See the methods here…
The circle offers idea testing and idea implementation methods and tools. These support students in developing and testing prototypes as well as presenting and implementing ideas with people that are involved as users in the problem space.
See the methods here….
All the methods within the circles are split into two types of methods that are closely related to each other, as illustrated in the circles, and all the circles are, yet again, supported by the guiding principals that offer design methods placed in the centre Figure 3.
Figure 3. The DesUni methods
The logic underpinning the organisation of the DesUni methods circles is constructed in a space between Abstract and Concrete on the vertical axis and Reflection and Action on the horizontal axis, in a 2x2 matrix as illustrated in Figure 4.
Figure 4. Organisation of the DesUni methods
The logic of Reflection, Abstract, Action and Concrete as the dimensions behind the Des-learning process model follows the logic of other learning process models (e.g. Kumar, 2012; Kolb, 1985; Dubberly, 2008), which is illustrated in figure 5 as: Collect information, Analyse data, Idea development and Realisation of the idea.
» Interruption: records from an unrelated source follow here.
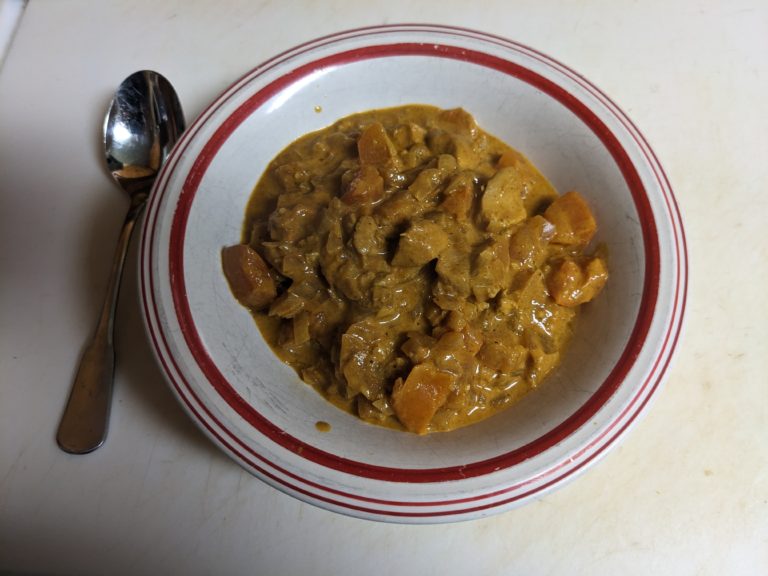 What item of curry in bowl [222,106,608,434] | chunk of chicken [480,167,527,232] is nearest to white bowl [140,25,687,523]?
curry in bowl [222,106,608,434]

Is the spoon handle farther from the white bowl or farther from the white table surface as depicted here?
the white bowl

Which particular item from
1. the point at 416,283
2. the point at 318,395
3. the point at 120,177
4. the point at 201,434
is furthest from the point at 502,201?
the point at 120,177

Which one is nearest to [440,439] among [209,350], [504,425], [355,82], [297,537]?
[504,425]

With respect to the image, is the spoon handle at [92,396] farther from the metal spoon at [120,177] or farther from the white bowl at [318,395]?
the white bowl at [318,395]

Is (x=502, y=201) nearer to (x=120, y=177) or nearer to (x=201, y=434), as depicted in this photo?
(x=201, y=434)

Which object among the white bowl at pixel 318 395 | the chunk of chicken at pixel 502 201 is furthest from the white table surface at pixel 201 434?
the chunk of chicken at pixel 502 201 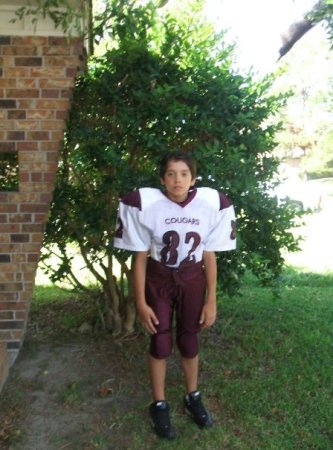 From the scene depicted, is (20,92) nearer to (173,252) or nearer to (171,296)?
(173,252)


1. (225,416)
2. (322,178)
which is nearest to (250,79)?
(225,416)

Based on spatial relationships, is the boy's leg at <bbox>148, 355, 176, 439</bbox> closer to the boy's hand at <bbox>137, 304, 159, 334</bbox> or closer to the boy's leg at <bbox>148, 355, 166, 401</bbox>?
the boy's leg at <bbox>148, 355, 166, 401</bbox>

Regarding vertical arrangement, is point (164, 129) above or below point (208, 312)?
above

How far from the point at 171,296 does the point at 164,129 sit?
119 cm

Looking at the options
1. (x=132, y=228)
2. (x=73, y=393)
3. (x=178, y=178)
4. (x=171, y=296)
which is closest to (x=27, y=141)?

Figure 5. The underlying structure of the DesUni Methods
The Des-learning process (Figure 2) can be structured as a circular progression following the orbit that connects the circles. First, students discover the present problem space, then they envision future solutions for the problem, and finally they select and evaluate the solution(s) they prefer. Alternatively, teachers may construct more iterative learning processes, involving many feedback loops and unpredictable shifts back and forth between the circles of the learning model, in order to solve the problem.
Since we are concerned about how to change the student’s expectations from those of being passive receivers of theoretical knowledge to becoming active creators of knowledge and primary agents in the teaching process, the majority of our Design-Thinking methods are therefore also developed in the part of the Des-learning process model that is concerned with action. However, this is not to say that the reflection part is less important. On the contrary, since most university teaching is developed around collecting and analysing data we have paid much more attention to offer method to activate students and to make reflective methods more design thinking orientated. Often the realisation of the idea is not a part of the university curriculum, and therefore learning methods for the realisation of student’s university ideas remain undeveloped.
Kumar, V. (2012). 101 design methods: A structured approach for driving innovation in your organization. John Wiley & Sons.
Kolb, D. (1985). Learning styles inventory. The Power of the 2 2 Matrix, 267.
Dubberly, H., & Evenson, S. (2008). On modeling The analysis-systhesis bridge model. interactions, 15(2), 57-61.